Enrolado em um bandeirão do Palmeiras, o caixão de Gabriella Anelli percorreu o trajeto da capela do Memorial Parque Paulista, em Embu das Artes, até o túmulo em que foi enterrada. O percurso, marcado pelo bumbo da Mancha Verde e pelos cânticos de líderes da torcida, foi colorido pelo verde dos sinalizadores.
O Palmeiras era a grande paixão de Gabriella, que trabalhava cuidando de crianças autistas e com síndrome de Down para poder assistir a todos os jogos do time. O último deles, domingo (9), quando o Palmeiras recebeu o Flamengo em casa pelo Brasileirão, foi também o último dela.
Gabriella foi morta após ser atingida por estilhaços de uma garrafa possivelmente arremessada por um torcedor flamenguista. O crime aconteceu na Rua Padre Antonio Tomas, nos arredores do Allianz Parque, no mesmo lugar em que foi assassinado há 35 anos o fundador da Mancha Verde: Cléo.
Cleofas Sóstenes Dantas da Silva foi baleado com dois tiros ao lado do antigo Parque Antártica, na mesma Rua Padre Antonio Tomas, em 1988. O assassinato aconteceu cinco anos depois da fundação da Mancha Verde, torcida da qual Gabriella também participava. Ela usava a camisa da Mancha e tinha diversos amigos na torcida, que estava em peso na cerimônia de sepultamento.
De acordo com os torcedores da Mancha Verde nos anos 80, Cléo era um líder destemido, bom de briga e disposto a quase tudo para defender a organizada. Mas outras pessoas que conheceram Cléo o descrevem como alguém capaz de fazer "maldades" com torcedores rivais.
Cléo e os demais fundadores da Mancha são os personagens reais de "Sobre meninos e porcos", a terceira temporada do podcast "UOL Esporte Histórias". Sua morte é considerada a primeira por brigas de torcidas no Brasil, e até hoje não foi solucionada.

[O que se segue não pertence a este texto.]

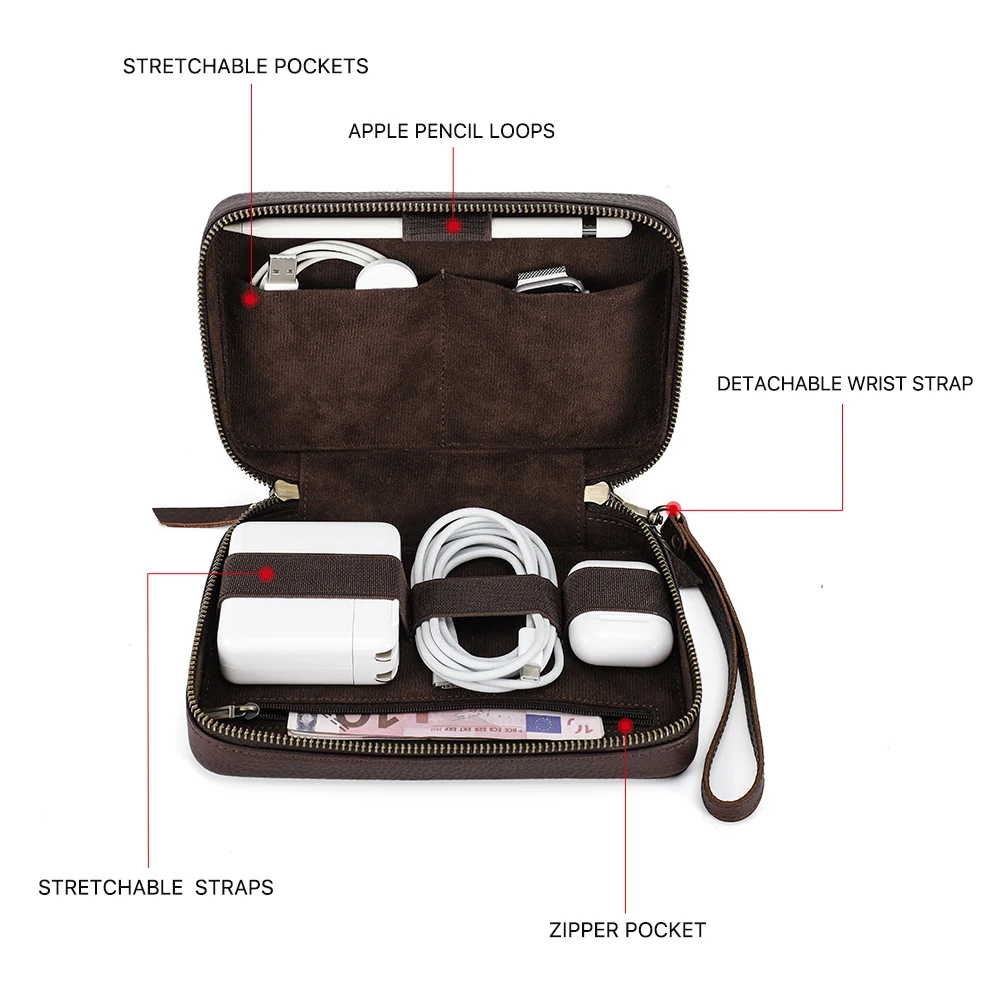 Genuine Leather Portable USB Data Cable Storage Bag Earphone Case Electronic Accessories Gadgets Digital Organizer Box Pouch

As autoridades responsáveis pela investigação não têm conhecimento sobre os motivos subjacentes e as pessoas responsáveis pelo crime. Entretanto, aqueles que mantinham uma relação próxima com Cléo acreditam veementemente que sua morte foi um ato de retaliação proveniente de um grupo rival, após um confronto no qual a Mancha Verde teria saído vitoriosa.

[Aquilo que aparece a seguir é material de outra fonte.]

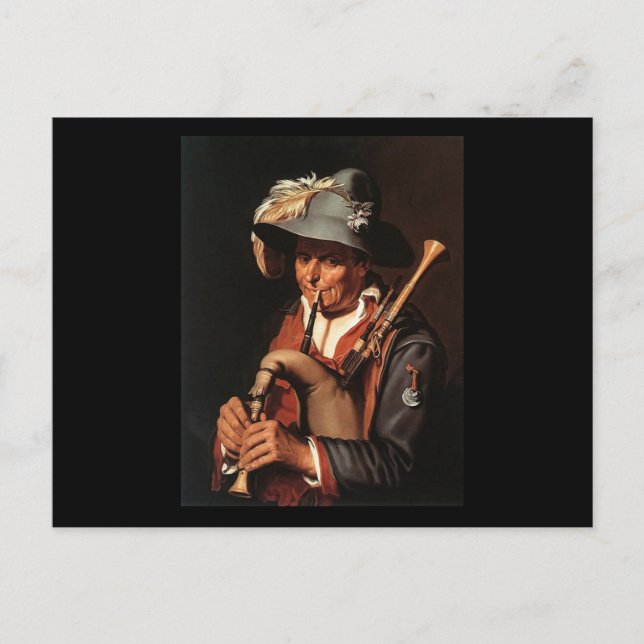 Abraham Bloemaert Der Bagpiper Postkarte (Vorderseite)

Até então, contam os envolvidos ao UOL Esporte Histórias, torcedores só podiam brigar "na mão", sem usar qualquer artefato. Era como um código de conduta — nada oficial — cujo intuito era exatamente evitar mortes. Além de não poder usar qualquer instrumento na briga, quem estivesse no chão também deveria ser preservado. Só que, ao perder um desses confrontos, um torcedor começou um plano de vingança: matar Cléo. Ele morreu aos 24 anos, vítima de uma emboscada.
Com isso, na partida seguinte ao assassinato — contra o Cruzeiro —, os integrantes da torcida organizaram algumas homenagens para o ex-companheiro. Quem foi ao estádio naquela ocasião viu uma queima de fogos de mais de três minutos assim que a bola rolou. O placar eletrônico mostrava a frase "Cléo e Palmeiras, unidos eternamente". Mas a festa foi interrompida por cânticos da Máfia Azul, que insultavam Cléo. Os relatos de quem estava presente diz que os cruzeirenses cantaram "Cléo morreu, a Mancha se fu***". A provocação desencadeou uma briga no setor destinado à torcida visitante. Em seguida, palmeirenses que estavam em outras partes da arquibancada correram para ajudar.
"Cléo é o maior ícone da torcida do Palmeiras. O cara que mais gostava de fazer festa em arquibancada. Ele era doidão, ficava inventando coisa, até irritava", contou Paulo Serdan, ex-presidente e fundador da Mancha Verde ao podcast.
A morte de Cléo, 35 anos antes da partida precoce de Gabriella, são início e meio de uma realidade violenta: a guerra entre torcidas.
Sobre meninos e porcos
A violência entre torcidas foi retratada na terceira temporada do podcast UOL Esporte Histórias. A série "Sobre meninos e porcos" conta em seis episódios a história de como as torcidas organizadas saíram da festa e chegaram à violência.
O relato é centrado no assassinato de Cleo Sóstenes Dantas nos anos 1980, considerado o marco da chegada das armas de fogo às brigas de organizadas.